Show HN: Beating Microsoft's Garnet KV Store in less than 300 lines of code

danpalmer · 2024-03-23T18:22:45 1711218165

Nice demo! I wonder whether GPU acceleration is actually beneficial for real-world examples, i.e. once you add network overhead, real world data sizes, the more complex data structures that Redis/Garnet offer, etc.

Maybe this would be particularly useful as an embedded KV store in another larger application where perhaps the limitations of the VRAM size are less important. My guess is the main beneficiaries of that would be ML training, but as they're already using the VRAM it might not work out there.

winwang · 2024-03-24T02:05:20 1711245920

While network overhead always exists, the goal would be take advantage of the seemingly 10x performance headroom on a GPU as compared to a CPU. Not to mention, GPUs are getting more and more HBM capacity.

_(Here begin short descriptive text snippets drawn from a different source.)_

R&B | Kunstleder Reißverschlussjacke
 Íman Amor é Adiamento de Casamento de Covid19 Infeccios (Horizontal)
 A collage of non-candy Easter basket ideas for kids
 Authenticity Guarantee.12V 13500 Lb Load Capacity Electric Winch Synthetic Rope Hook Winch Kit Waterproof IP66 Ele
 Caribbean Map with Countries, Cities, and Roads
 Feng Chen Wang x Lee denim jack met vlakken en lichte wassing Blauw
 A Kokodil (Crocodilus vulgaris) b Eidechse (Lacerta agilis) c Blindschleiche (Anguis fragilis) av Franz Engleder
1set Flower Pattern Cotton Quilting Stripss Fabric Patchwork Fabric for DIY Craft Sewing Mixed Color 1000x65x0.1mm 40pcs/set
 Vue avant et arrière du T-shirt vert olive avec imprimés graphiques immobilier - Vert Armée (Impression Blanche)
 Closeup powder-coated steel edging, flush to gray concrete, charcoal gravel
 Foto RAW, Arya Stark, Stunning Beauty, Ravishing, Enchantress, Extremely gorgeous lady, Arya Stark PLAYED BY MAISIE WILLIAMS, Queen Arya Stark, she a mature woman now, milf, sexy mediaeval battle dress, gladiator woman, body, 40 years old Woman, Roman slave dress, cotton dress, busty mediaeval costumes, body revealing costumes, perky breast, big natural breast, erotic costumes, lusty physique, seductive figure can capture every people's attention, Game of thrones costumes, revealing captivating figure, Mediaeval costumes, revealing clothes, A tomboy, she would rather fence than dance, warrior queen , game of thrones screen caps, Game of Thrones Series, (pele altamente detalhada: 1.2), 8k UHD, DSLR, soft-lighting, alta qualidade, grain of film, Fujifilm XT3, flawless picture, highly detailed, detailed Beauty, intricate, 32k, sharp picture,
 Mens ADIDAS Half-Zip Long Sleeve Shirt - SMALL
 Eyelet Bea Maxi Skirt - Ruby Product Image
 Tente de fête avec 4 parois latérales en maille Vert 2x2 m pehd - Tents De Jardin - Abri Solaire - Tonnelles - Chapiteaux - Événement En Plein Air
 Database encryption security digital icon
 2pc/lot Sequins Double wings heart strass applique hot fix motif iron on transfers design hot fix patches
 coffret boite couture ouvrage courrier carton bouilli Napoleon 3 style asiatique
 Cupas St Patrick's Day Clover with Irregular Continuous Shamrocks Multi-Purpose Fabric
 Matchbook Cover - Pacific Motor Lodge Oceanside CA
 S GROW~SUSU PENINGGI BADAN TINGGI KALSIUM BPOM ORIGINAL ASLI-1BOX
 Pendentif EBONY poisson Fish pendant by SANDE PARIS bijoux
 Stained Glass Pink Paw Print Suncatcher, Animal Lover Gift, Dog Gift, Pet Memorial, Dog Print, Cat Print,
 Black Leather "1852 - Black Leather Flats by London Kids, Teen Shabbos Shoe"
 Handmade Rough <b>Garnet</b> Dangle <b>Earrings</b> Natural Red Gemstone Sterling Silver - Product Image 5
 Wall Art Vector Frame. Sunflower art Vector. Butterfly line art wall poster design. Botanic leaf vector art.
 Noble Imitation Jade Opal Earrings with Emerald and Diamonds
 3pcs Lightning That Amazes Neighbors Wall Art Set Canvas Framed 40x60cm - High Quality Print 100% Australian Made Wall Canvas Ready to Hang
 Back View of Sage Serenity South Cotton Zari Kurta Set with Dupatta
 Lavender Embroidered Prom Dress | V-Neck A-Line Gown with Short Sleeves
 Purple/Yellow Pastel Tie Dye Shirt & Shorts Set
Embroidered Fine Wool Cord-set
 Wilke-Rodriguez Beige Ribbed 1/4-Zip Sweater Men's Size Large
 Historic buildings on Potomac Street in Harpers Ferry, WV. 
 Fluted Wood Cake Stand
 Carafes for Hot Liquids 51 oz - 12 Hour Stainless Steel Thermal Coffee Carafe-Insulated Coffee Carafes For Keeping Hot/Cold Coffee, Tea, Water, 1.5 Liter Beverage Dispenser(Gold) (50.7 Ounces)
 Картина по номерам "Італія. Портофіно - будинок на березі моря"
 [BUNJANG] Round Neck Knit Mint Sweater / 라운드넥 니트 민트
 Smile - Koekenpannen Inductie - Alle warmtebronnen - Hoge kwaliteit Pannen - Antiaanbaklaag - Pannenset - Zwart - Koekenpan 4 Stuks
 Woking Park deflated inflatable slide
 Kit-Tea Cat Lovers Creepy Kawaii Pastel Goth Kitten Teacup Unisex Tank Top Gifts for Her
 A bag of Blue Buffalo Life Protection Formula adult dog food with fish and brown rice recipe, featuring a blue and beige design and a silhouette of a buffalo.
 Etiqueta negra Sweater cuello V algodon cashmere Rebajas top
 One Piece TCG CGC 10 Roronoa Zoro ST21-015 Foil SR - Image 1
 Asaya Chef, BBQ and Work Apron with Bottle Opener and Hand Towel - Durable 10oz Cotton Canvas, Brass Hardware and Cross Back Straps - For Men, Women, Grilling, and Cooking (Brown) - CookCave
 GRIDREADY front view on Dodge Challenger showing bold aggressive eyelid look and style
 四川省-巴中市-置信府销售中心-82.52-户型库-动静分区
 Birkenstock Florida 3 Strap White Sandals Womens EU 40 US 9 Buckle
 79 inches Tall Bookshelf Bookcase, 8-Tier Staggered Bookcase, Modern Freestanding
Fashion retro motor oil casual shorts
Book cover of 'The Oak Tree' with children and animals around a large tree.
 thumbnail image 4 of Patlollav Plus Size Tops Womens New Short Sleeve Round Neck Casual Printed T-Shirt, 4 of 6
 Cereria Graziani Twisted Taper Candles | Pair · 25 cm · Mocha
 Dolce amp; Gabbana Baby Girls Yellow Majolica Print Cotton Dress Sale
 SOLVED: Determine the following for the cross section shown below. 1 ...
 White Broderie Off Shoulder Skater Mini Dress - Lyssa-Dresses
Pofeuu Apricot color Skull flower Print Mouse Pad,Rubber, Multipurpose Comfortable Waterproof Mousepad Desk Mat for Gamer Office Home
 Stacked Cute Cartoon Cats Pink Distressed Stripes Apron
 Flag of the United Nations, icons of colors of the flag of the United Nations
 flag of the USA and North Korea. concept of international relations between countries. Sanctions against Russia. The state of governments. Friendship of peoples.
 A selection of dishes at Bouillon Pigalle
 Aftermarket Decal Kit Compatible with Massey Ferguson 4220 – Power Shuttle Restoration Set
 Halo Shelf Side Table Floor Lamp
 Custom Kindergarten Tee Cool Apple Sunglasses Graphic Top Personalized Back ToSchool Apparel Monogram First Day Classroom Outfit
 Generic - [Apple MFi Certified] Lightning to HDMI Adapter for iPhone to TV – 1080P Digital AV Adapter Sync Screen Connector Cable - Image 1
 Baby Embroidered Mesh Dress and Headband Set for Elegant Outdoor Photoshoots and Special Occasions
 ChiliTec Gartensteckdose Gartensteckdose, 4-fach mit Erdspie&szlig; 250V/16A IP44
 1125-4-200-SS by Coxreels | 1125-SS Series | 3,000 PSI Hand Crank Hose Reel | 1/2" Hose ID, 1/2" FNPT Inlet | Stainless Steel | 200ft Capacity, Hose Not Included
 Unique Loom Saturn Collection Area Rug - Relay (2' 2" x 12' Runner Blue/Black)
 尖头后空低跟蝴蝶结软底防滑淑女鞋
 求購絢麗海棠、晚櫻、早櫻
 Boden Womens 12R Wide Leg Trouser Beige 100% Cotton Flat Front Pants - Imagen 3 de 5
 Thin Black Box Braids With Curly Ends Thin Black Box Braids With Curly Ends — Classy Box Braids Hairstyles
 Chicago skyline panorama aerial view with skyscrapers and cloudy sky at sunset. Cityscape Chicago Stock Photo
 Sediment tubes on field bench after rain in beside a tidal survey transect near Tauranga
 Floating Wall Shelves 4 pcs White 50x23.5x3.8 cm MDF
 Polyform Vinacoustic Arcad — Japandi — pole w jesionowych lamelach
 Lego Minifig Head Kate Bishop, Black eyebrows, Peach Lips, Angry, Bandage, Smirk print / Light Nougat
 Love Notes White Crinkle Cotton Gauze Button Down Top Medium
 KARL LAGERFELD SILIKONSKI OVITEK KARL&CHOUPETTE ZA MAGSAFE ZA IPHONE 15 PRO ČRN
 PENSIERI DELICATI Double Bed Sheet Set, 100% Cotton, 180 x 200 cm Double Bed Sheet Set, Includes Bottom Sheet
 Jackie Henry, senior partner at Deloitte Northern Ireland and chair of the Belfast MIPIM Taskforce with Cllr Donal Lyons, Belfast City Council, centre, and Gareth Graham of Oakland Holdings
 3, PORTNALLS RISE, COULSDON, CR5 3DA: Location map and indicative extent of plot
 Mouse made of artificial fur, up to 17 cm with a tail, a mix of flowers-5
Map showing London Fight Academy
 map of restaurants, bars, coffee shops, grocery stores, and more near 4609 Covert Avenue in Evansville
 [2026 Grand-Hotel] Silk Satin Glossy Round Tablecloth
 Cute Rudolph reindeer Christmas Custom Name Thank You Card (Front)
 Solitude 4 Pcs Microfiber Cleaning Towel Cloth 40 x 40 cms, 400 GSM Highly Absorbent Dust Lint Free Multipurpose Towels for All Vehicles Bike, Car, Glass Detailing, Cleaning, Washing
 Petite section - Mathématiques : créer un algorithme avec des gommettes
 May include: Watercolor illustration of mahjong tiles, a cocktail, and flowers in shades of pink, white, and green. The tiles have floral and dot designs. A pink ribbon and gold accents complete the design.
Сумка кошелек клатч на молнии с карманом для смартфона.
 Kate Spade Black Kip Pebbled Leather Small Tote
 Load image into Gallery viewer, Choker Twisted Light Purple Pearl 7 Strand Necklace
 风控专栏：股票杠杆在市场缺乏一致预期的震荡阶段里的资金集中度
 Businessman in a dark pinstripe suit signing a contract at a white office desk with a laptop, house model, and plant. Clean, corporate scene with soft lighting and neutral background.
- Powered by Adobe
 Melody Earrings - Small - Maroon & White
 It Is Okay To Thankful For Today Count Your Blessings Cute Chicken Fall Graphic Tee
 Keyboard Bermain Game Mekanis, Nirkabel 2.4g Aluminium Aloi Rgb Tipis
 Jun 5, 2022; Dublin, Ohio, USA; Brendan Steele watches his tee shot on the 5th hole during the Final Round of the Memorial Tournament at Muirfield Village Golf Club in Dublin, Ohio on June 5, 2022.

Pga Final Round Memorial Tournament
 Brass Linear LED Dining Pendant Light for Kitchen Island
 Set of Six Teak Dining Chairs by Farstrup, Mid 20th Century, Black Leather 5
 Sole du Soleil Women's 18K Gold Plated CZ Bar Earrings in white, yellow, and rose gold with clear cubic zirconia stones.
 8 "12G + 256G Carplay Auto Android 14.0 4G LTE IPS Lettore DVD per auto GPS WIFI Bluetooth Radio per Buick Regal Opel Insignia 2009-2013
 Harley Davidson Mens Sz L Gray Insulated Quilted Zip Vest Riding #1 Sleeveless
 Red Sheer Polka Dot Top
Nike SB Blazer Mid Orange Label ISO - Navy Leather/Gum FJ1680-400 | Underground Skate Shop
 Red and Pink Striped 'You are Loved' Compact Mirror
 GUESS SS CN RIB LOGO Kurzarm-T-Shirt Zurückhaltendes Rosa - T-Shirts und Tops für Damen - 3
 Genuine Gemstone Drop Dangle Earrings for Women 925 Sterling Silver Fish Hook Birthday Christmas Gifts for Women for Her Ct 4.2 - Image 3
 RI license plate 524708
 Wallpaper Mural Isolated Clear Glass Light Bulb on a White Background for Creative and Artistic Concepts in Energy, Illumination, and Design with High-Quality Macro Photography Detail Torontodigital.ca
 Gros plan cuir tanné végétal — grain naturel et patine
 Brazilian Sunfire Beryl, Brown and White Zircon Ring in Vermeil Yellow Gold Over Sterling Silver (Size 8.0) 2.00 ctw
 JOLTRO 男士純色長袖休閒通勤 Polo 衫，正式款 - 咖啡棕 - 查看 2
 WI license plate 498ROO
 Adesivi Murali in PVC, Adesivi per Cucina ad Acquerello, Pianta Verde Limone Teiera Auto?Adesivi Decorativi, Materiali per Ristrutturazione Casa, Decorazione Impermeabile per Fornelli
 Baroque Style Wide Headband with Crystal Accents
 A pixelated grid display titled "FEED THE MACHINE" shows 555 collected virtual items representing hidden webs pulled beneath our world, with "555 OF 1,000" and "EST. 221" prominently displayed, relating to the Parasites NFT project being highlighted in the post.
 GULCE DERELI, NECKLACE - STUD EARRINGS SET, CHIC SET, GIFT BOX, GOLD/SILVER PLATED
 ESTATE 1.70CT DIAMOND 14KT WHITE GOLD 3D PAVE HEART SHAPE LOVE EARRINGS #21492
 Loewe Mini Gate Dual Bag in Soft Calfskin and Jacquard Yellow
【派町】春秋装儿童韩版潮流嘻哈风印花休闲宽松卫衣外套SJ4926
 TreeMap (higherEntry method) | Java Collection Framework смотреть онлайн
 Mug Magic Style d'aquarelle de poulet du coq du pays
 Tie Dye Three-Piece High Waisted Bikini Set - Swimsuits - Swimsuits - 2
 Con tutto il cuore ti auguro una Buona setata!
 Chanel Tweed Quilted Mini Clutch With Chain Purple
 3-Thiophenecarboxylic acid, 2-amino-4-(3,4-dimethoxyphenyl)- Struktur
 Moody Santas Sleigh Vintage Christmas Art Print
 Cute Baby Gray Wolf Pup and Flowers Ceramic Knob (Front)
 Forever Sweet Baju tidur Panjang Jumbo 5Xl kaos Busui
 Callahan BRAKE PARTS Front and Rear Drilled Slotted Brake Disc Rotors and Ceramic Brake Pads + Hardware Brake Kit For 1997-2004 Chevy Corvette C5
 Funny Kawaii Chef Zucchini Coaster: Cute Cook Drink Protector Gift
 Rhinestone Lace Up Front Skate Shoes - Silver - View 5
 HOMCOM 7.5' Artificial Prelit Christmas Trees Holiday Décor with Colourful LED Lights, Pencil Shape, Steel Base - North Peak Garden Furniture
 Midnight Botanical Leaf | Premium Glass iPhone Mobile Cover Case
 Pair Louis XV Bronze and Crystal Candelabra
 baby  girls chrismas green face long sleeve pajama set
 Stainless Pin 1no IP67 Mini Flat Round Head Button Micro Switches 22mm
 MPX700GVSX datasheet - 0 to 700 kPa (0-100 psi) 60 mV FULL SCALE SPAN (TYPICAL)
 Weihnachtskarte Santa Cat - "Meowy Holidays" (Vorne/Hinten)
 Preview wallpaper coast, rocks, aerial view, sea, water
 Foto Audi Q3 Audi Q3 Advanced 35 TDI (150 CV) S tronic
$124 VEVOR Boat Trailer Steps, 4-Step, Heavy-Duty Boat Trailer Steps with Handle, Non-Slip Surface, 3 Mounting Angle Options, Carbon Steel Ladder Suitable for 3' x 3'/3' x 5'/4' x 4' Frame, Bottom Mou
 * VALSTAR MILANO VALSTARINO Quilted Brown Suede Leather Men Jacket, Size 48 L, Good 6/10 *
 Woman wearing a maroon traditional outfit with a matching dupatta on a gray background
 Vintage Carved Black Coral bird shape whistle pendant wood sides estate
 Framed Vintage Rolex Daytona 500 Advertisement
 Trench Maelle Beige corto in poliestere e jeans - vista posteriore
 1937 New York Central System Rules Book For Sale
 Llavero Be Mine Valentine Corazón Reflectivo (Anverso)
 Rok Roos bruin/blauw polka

Of course, you're right to wonder about how GPUs behave with more complex structures -- I'm not sure. Research papers seem to get pretty good results for stuff like skip lists and b+trees? The general idea, though, is that GPU compute + bandwidth optimized memory is better/more efficient for high-throughput compute, if you can stomach a couple tens of microseconds. Coincidentally, network latencies force you to stomach that anyway.